YOD prides itself for serving more than 35 varieties of local dishes comprising fasting food (made of array of vegetables) and non-fasting foods. The list comprises of various type of ‘wot’ from beef and lamb, ‘doro wot’ (spicy chicken stew, a rare delicacy in Ethiopia), ‘tibs’ /roasted meat/, ‘kitfo’ /minced beef/ etc served on ‘injera;/ a spongy pancake made of a local cereal ‘tef’/, which are perfectly suitable for mainstream diners.
Carefully and professionally prepared in the large kitchen filled with devoted cooks, and served in the most Ethiopian cultural way, one needs to use the fingers in stylish way to eat the lip smacking food.
YOD professionally serves the authentic Ethiopian food prepared with seasoned homemade butter, ‘berbere’ /hot spicy powder/ and served with ‘mitmita’ /hot spice made from chilly/. Portions in the restaurant are huge and the complete setup of ‘beyayenetu’ , for instance, has cheese, bean curd, vegetables like cabbage, spicy beef, and some really hot sauces.
YOD proudly serves ‘areke’ /local gin/ of about twelve flavors of orange, coffee, lemon etc. The ‘tej’ local honey wine (mead) is also served in two varieties, mild and stronger ones. After just a glass of ‘tej’, one can’t help finding himself/herself on the stage along with the dancers trying one of the Ethiopian dances. Most white people enjoys the ‘tibis’ roasted meat, whereas the far Easterners enjoy ‘tripa’ a delicious dish made of animal stomach. Africans enjoy almost everything in the menu.
The waiters, dressed elegantly with traditional Ethiopian clothes, are always attentive to serve with the hospitable Ethiopian smile. The menu, beautifully designed and made from animal skin, incorporates various Ethiopian cuisines.
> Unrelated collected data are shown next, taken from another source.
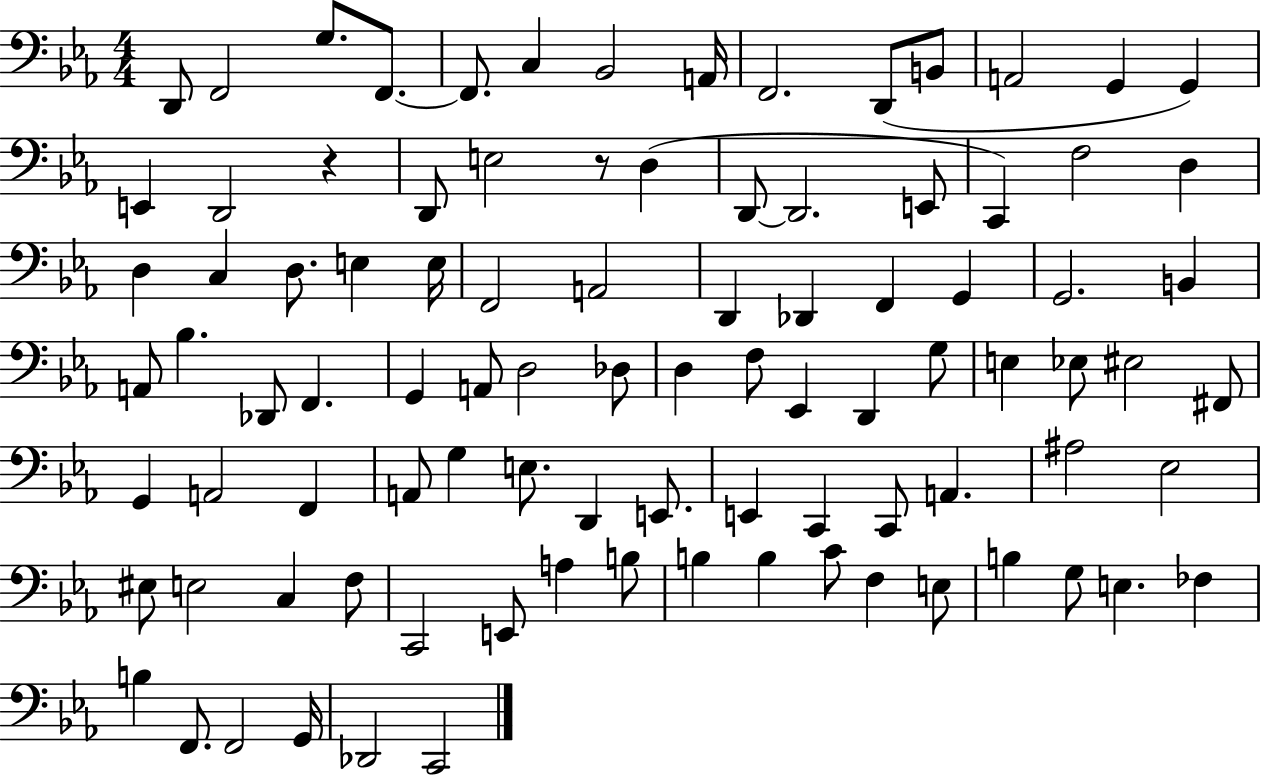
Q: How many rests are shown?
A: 2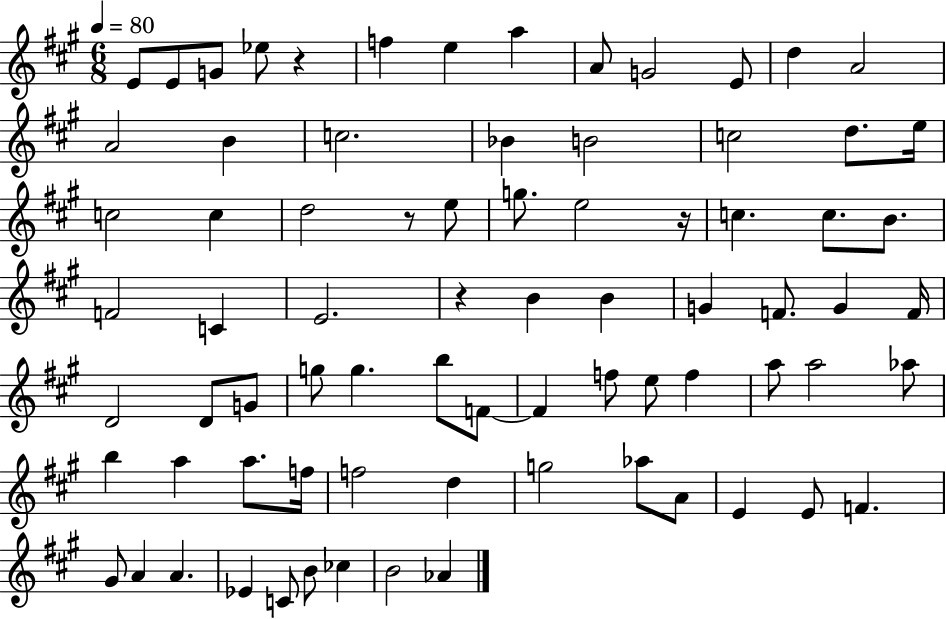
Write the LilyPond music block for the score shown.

{
  \clef treble
  \numericTimeSignature
  \time 6/8
  \key a \major
  \tempo 4 = 80
  e'8 e'8 g'8 ees''8 r4 | f''4 e''4 a''4 | a'8 g'2 e'8 | d''4 a'2 | \break a'2 b'4 | c''2. | bes'4 b'2 | c''2 d''8. e''16 | \break c''2 c''4 | d''2 r8 e''8 | g''8. e''2 r16 | c''4. c''8. b'8. | \break f'2 c'4 | e'2. | r4 b'4 b'4 | g'4 f'8. g'4 f'16 | \break d'2 d'8 g'8 | g''8 g''4. b''8 f'8~~ | f'4 f''8 e''8 f''4 | a''8 a''2 aes''8 | \break b''4 a''4 a''8. f''16 | f''2 d''4 | g''2 aes''8 a'8 | e'4 e'8 f'4. | \break gis'8 a'4 a'4. | ees'4 c'8 b'8 ces''4 | b'2 aes'4 | \bar "|."
}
Inside the restaurant, on the right, stands a big room like portray of the traditional Ethiopian coffee pot stands where every evening a young girl makes and serves delicious coffee in a genuine Ethiopian ceremony where fresh grasses and flowers decorate the floor around the ‘coffee table’ area and the charcoal fire with smoke from the incense in the air smarten the ceremony. It is one astounding experience to witness the steps in the interesting ceremony from washing and rinsing the coffee beans, and roasting them with the aroma filling the air, to pounding them in a mortar with pestle, and then serving the coffee along with popcorn. In the process, the aroma of fresh ground coffee, along with the odor from the fresh grass, charcoal fire and incense are mesmerizing.